Nor is there any merit in the argument of counsel for respondent that this is an equitable action, and that under the maxim that he who seeks equity must do equity, the plaintiff and appellant should be required to pay the mortgage before he is entitled to the relief prayed for. We are aware of the decisions in the cases of Tracy v. Wheeler & Scott, 15 N. D. 248, 6 L.R.A.(N.S.) 516, 107 N. W. 68, and Cotton v. Horton, 22 N. D. 1, 132 N. W. 225. All that these cases decide, however, was that a court of equity will not cancel a real estate mortgage securing a just debt which coneededly has not been paid, at the suit of the mortgagor, or one standing in his shoes, when the only ground *324urged for such relief is that the statute of limitations is available as a defense against its foreclosure.

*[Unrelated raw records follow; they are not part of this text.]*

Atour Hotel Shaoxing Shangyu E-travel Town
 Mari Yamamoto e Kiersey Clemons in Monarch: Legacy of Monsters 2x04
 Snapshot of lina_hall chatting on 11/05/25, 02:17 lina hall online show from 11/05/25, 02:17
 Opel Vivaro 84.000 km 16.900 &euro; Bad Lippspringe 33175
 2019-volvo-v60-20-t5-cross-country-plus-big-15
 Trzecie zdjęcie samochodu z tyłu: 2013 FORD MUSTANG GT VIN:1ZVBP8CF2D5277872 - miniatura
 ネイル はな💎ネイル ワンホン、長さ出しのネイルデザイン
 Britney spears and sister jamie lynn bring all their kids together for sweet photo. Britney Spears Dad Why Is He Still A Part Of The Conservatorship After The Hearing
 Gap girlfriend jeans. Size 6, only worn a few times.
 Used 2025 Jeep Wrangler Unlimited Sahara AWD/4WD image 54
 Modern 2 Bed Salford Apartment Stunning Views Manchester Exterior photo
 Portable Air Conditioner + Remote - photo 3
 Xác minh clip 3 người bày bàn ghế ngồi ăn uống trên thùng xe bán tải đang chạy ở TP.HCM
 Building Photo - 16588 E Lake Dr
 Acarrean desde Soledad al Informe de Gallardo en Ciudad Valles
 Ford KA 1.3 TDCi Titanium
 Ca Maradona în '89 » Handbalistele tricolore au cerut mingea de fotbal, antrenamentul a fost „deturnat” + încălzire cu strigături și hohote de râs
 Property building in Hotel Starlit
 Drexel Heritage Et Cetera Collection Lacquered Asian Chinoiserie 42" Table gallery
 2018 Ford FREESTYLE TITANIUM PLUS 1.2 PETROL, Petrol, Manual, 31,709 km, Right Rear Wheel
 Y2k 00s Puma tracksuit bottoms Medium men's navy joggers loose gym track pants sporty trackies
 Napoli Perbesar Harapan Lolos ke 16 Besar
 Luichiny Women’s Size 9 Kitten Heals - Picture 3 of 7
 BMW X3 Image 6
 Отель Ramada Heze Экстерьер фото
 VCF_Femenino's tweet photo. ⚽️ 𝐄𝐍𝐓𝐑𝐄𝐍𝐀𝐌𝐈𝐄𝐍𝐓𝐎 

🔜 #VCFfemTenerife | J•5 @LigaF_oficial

The distinction between the case at bar and the cases cited is that in the case at bar there was no privity of estate between the plaintiff and his ancestor, nor had the mortgage ever attached to the land. The plaintiff owed no debt, nor had he any legal obligations to anyone. He did not claim under his ancestor, nor was he in privity with him. “The doctrine of relation,” says the Supreme Court of the United States in Gibson v. Chouteau, 13 Wal. 92, 20 L. ed. 534, “is a fiction of law adopted by the courts solely for the purposes of justice, and is only applied for the security and protection of persons who stand in some privity with the party that ... acquired the equitable claim or right to the title” of the land. (See also Hussman v. Durham, 165 U. S. 144, 41 L. ed. 664, 17 Sup. Ct. Rep. 253; 16 Cyc. 1716.)
The judgment of the District Court is reversed, and the trial court is directed to enter a decree canceling the said mortgage and the records thereof as clouds on the title of the appellant, and quieting his title as against the respondent. The defendant and respondent will pay the costs and disbursements of this appeal.